_EXTRACTED ENTRIES_:
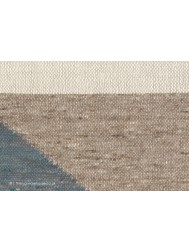 Edgy Cream Teal Rug - Thumbnail - 4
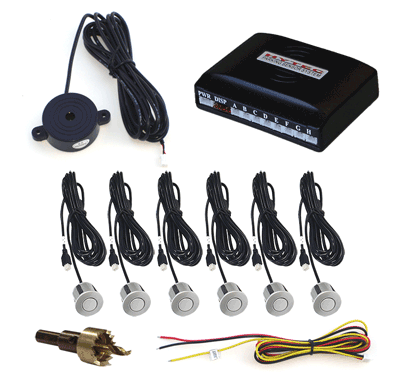 Front and Rear Parking Sensor System with 6 Silver Sensors and Audible Alert Only (No Display)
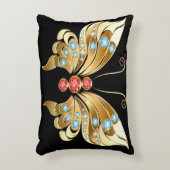 宝石で飾られた金ゴールド アクセントクッション (正面(垂直))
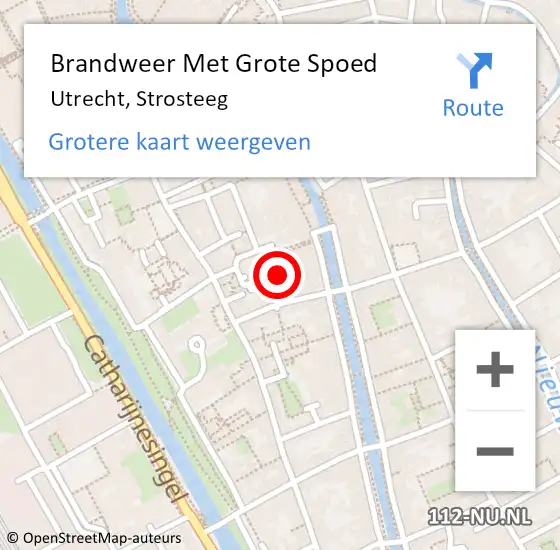 Locatie op kaart van de 112 melding: Brandweer Met Grote Spoed Naar Utrecht, Strosteeg op 25 juni 2019 14:39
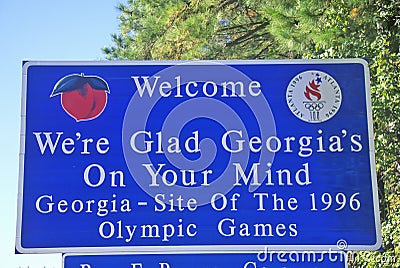Welcome to Georgia Sign Editorial Stock Photo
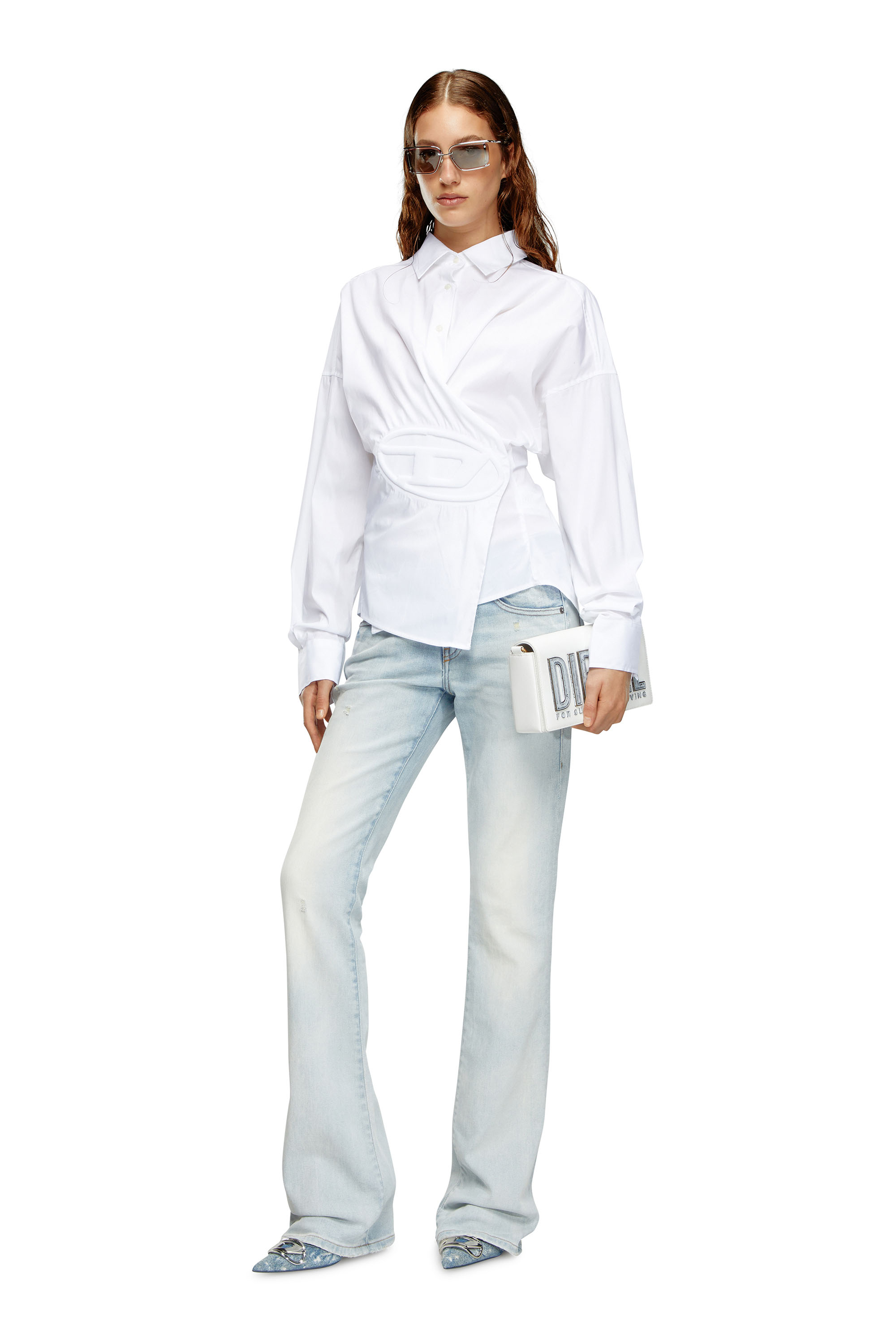 Diesel - C-SIZ-N1, Woman's Wrap shirt with embossed logo in White - 2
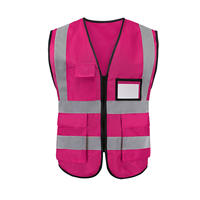 Custom Pink Red Orange Safety Work Vest with Reflective Strips Reflective Vest for Construction Cycling Motorcycle Delivery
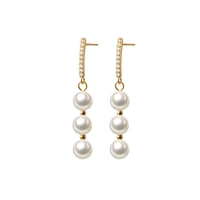 luxury pearl earrings 925 silver jewelry with zircon gemstone long style drop earrings accessories for women wedding party gifts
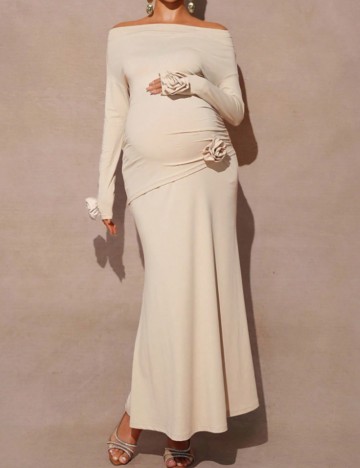 Rochie maxi Shein, crem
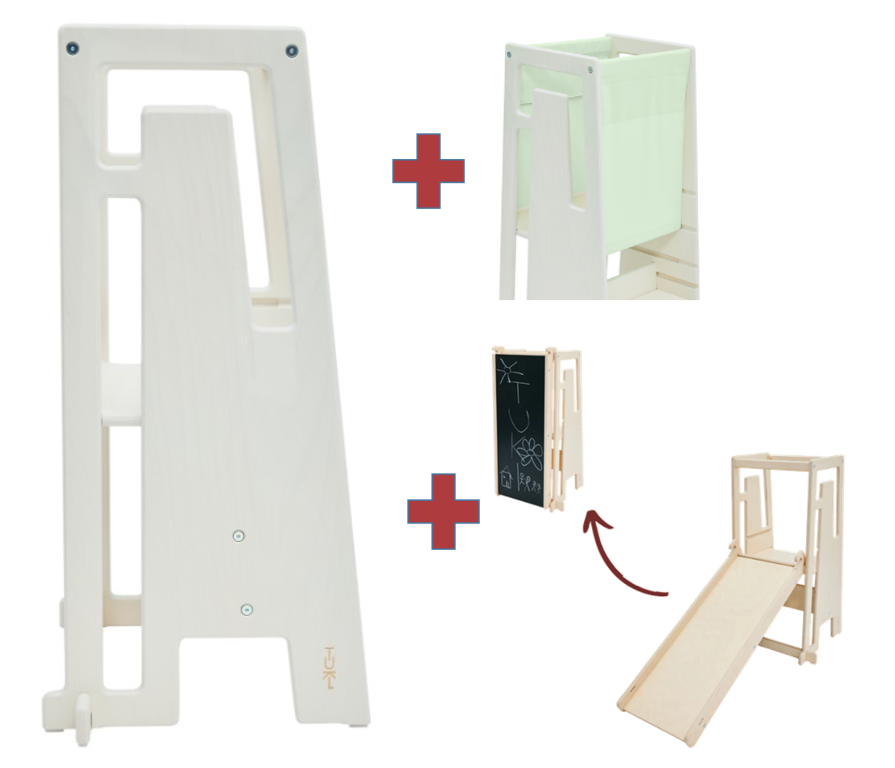 Tuki Lernturm whitewash mit Entdeckertuch und Rutsche mit Maltafel *PROMO*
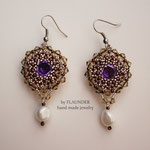 74е.Earrings with purple cubic zirconia by FLAUNDER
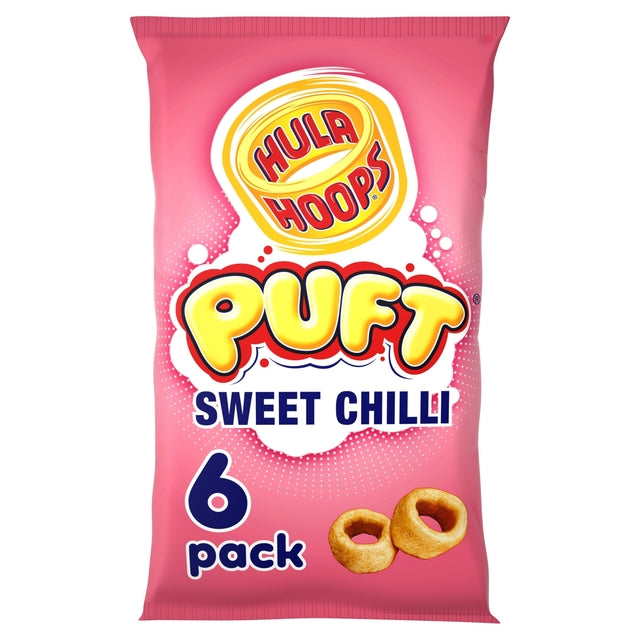 Hula Hoops Puft Sweet Chilli 6 Pack (6X15g)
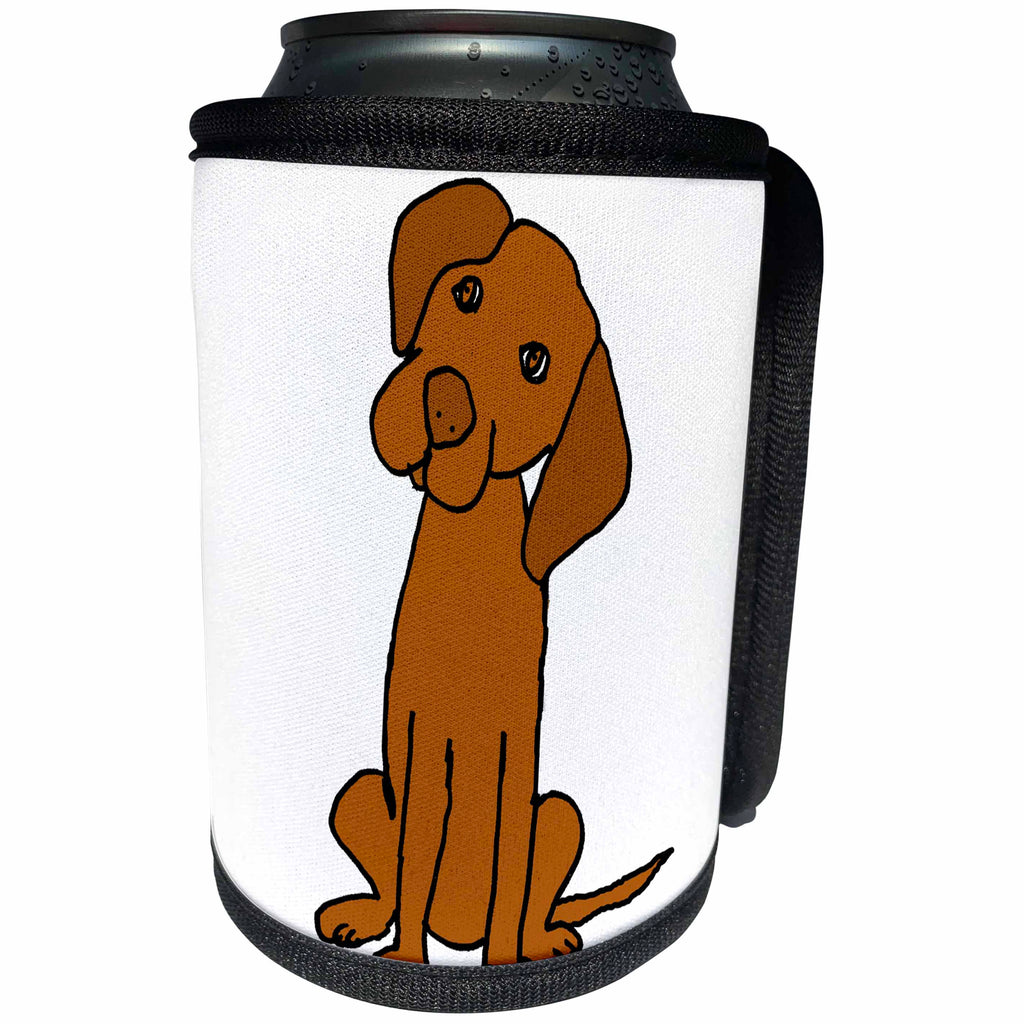 3dRose All Smiles Art Pets - Funny Cute Vizsla Puppy Dog Cartoon - Can Cooler Bottle Wrap (cc_263759)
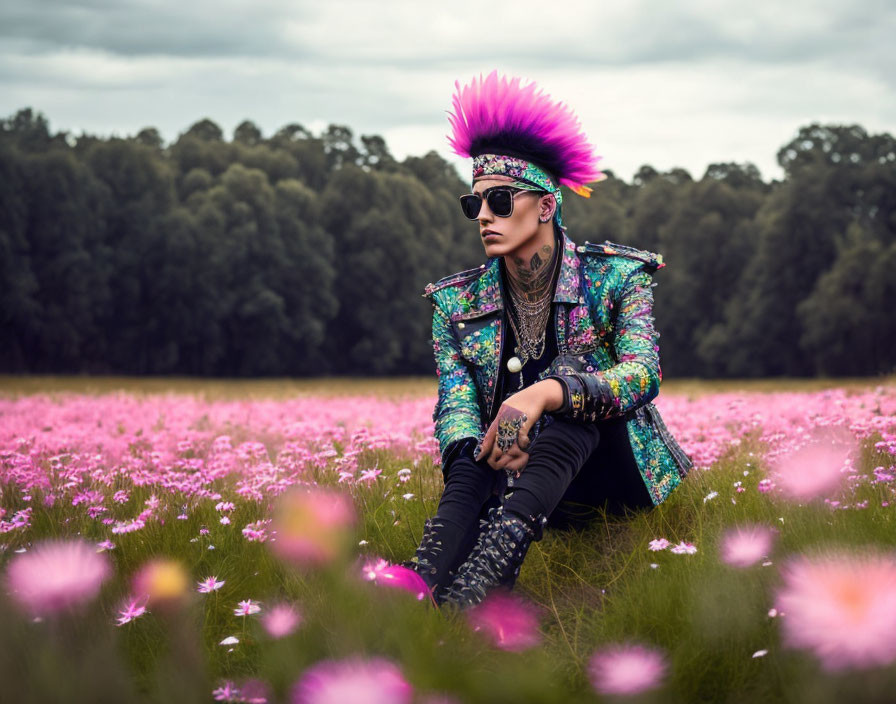 Punk Hairstyle Person in Colorful Jacket Among Pink Flowers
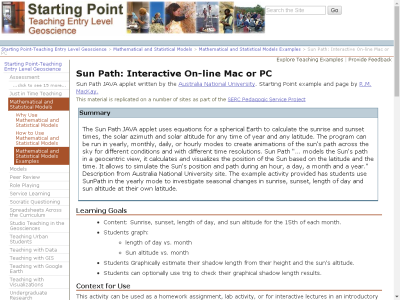 Thumbnail for Sun Path: Interactive On-line Mac or PC resource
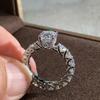 E-Commerce Copper Set Diamond Zircon Royal Blue Heart Ring Oval Flower Type Engagement Women'S Jewelry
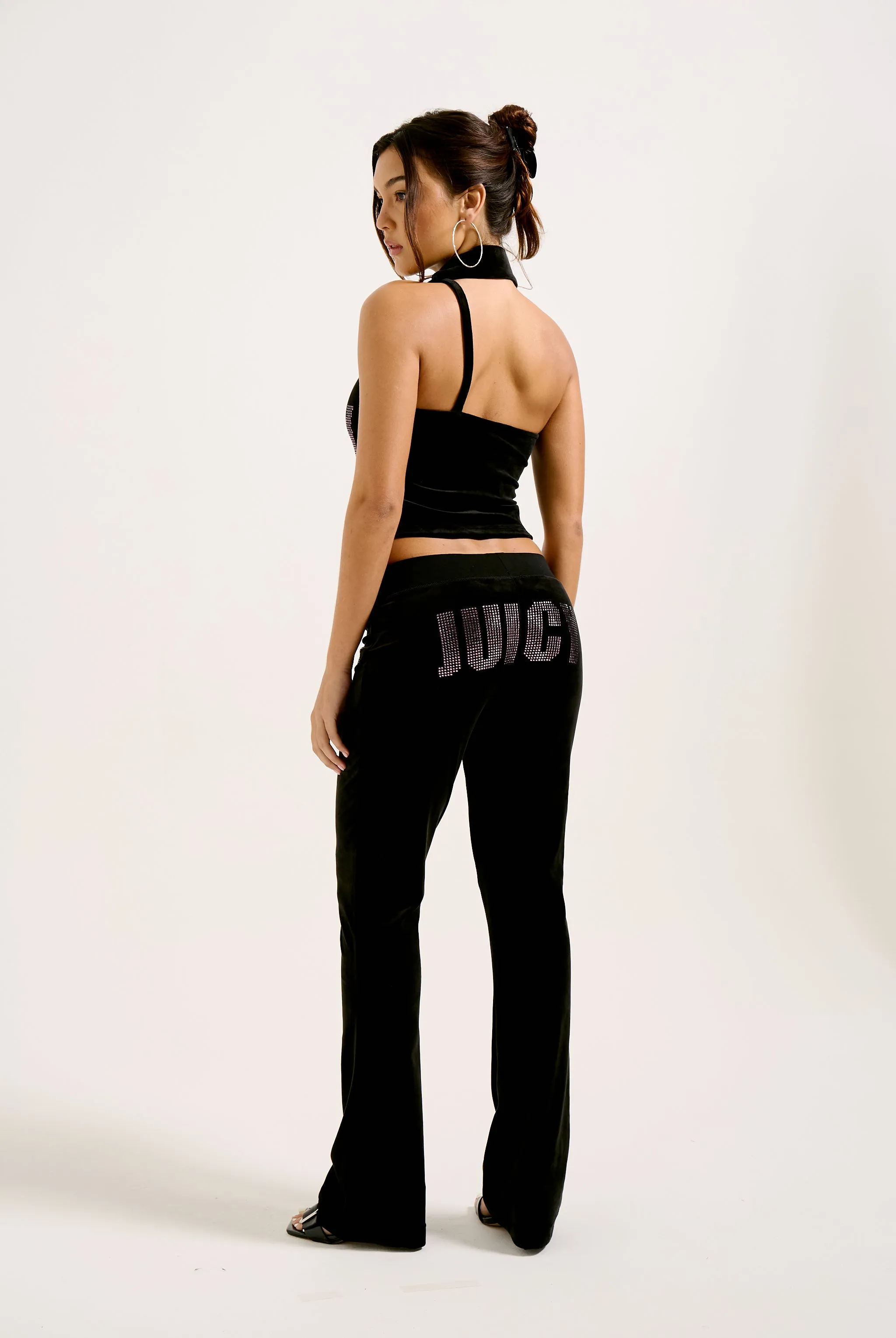 BLACK DIAMANTE  IMPACT ASYMMETRIC VELOUR TOP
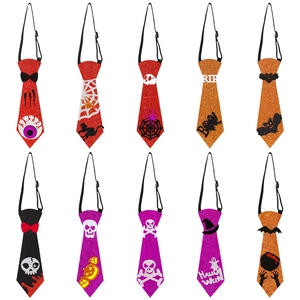 Set of 10 Halloween glitter ties with adjustable straps featuring bat and pumpkin motifs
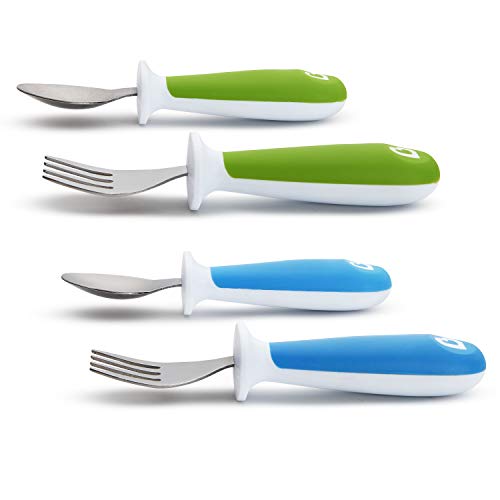 Munchkin® Raise™ Toddler Fork And Spoon Utensil Set, 4 Pack, Blue/Green #TOP3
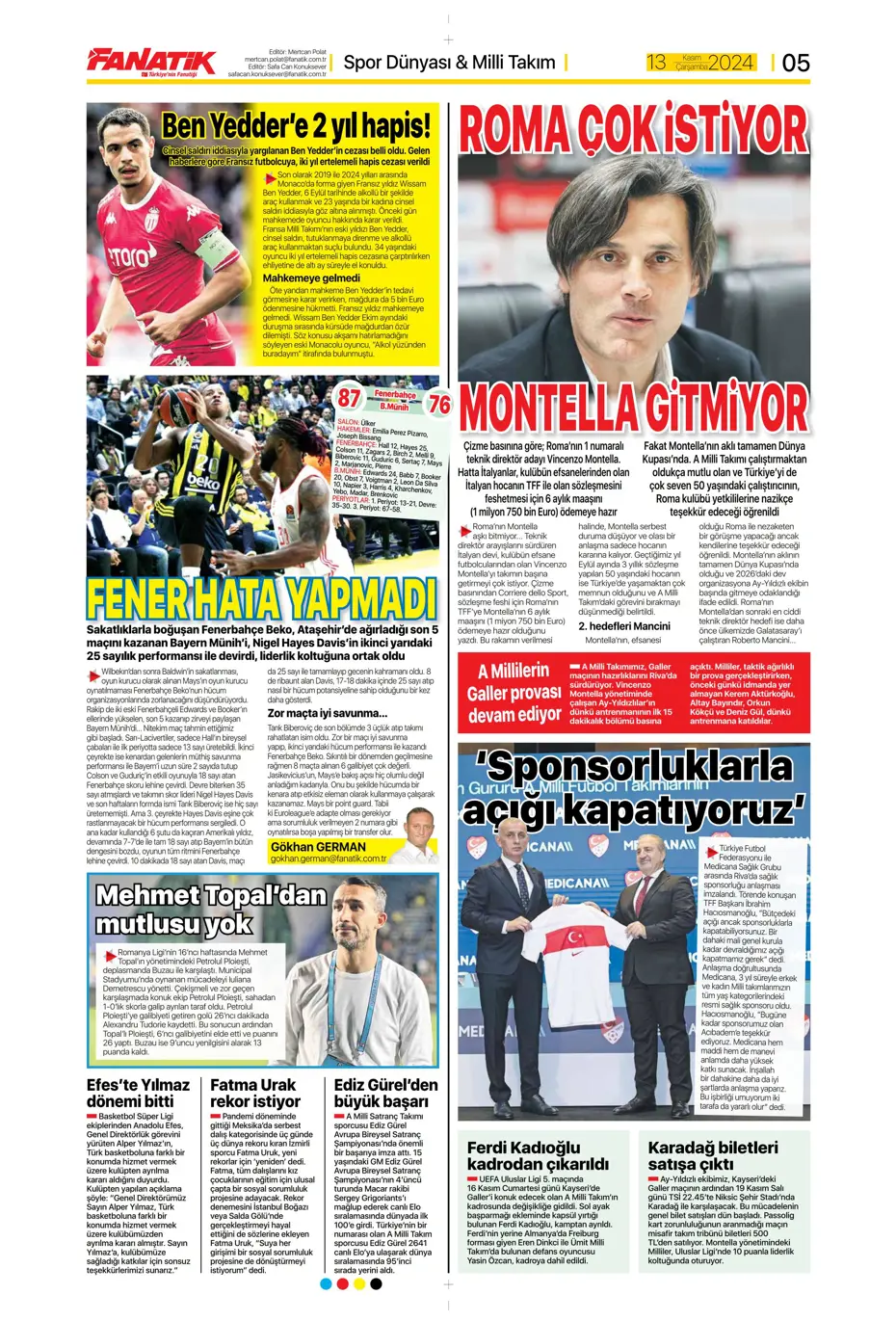 "Mario Branco'dan Fenerbahçe'ye 3 yıldız" | Sporun manşetleri - 7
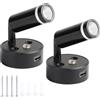 CPROSP 2 pezzi 12v Lampada da Lettura, LED Lampada Camper Dimmerabile con USB, Luce da Lettura 2w, Applique LED, per Camper Caravan Barca Furgone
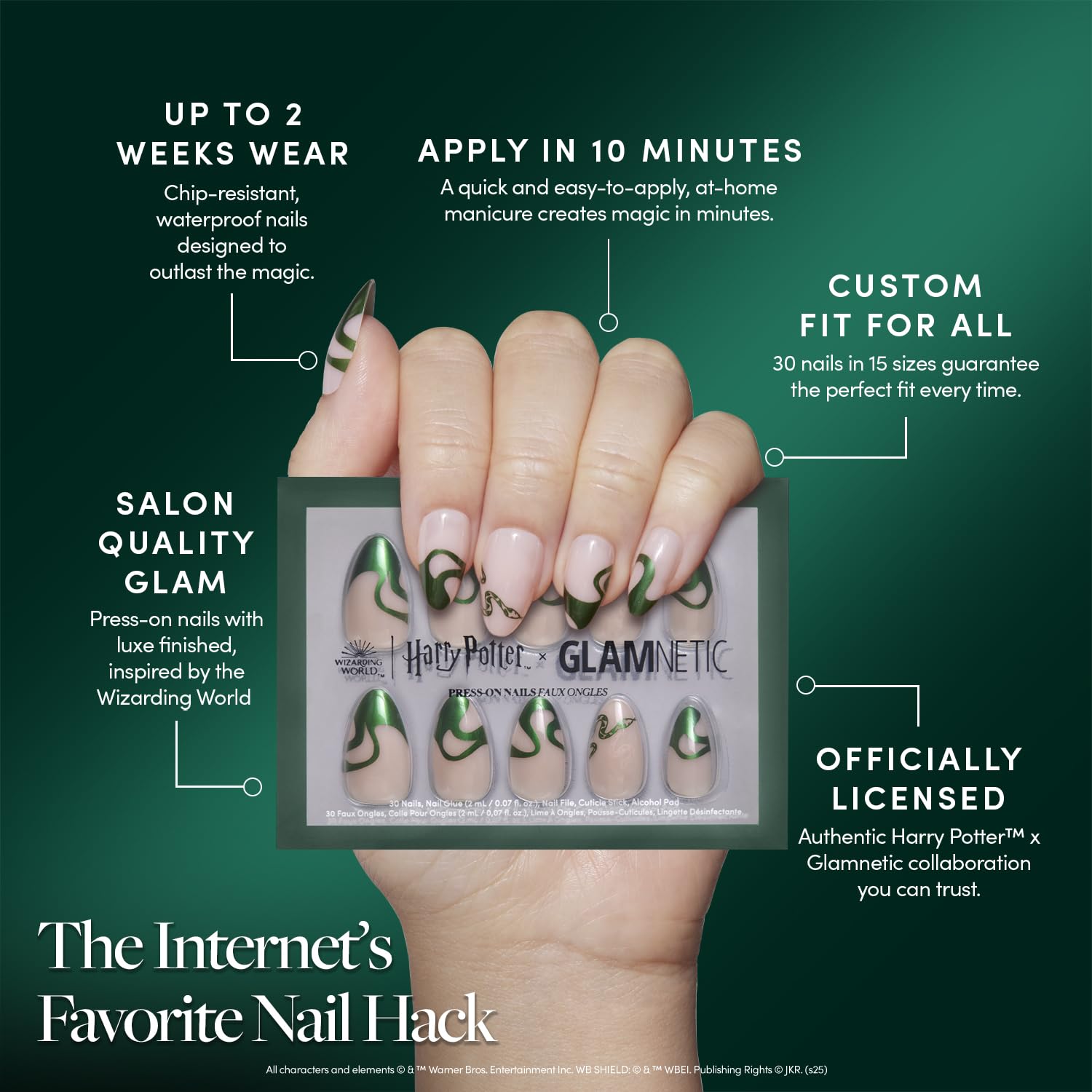 Semi-transparent green Parseltongue nails with French tip design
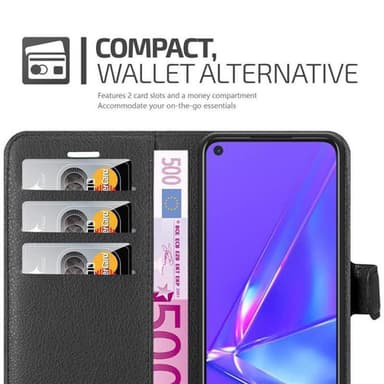 Oppo A72 Suojakuori Lompakkokotelo (Musta)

_YOUR OBJECTIVE_: For each entry above, write it out again exactly but leave out any picture.

_ANSWER BELOW_:
 Edgy Cream Teal Rug - Thumbnail - 4
 Front and Rear Parking Sensor System with 6 Silver Sensors and Audible Alert Only (No Display)
 宝石で飾られた金ゴールド アクセントクッション (正面(垂直))
 Locatie op kaart van de 112 melding: Brandweer Met Grote Spoed Naar Utrecht, Strosteeg op 25 juni 2019 14:39
Welcome to Georgia Sign Editorial Stock Photo
 Diesel - C-SIZ-N1, Woman's Wrap shirt with embossed logo in White - 2
 Custom Pink Red Orange Safety Work Vest with Reflective Strips Reflective Vest for Construction Cycling Motorcycle Delivery
 luxury pearl earrings 925 silver jewelry with zircon gemstone long style drop earrings accessories for women wedding party gifts
 Rochie maxi Shein, crem
 Tuki Lernturm whitewash mit Entdeckertuch und Rutsche mit Maltafel *PROMO*
 74е.Earrings with purple cubic zirconia by FLAUNDER
 Hula Hoops Puft Sweet Chilli 6 Pack (6X15g)
 3dRose All Smiles Art Pets - Funny Cute Vizsla Puppy Dog Cartoon - Can Cooler Bottle Wrap (cc_263759)
 Punk Hairstyle Person in Colorful Jacket Among Pink Flowers
 Thumbnail for Sun Path: Interactive On-line Mac or PC resource
 E-Commerce Copper Set Diamond Zircon Royal Blue Heart Ring Oval Flower Type Engagement Women'S Jewelry
 BLACK DIAMANTE  IMPACT ASYMMETRIC VELOUR TOP
 Set of 10 Halloween glitter ties with adjustable straps featuring bat and pumpkin motifs
 Munchkin® Raise™ Toddler Fork And Spoon Utensil Set, 4 Pack, Blue/Green #TOP3
 "Mario Branco'dan Fenerbahçe'ye 3 yıldız" | Sporun manşetleri - 7
 CPROSP 2 pezzi 12v Lampada da Lettura, LED Lampada Camper Dimmerabile con USB, Luce da Lettura 2w, Applique LED, per Camper Caravan Barca Furgone
 Semi-transparent green Parseltongue nails with French tip design
 Oppo A72 Suojakuori Lompakkokotelo (Musta)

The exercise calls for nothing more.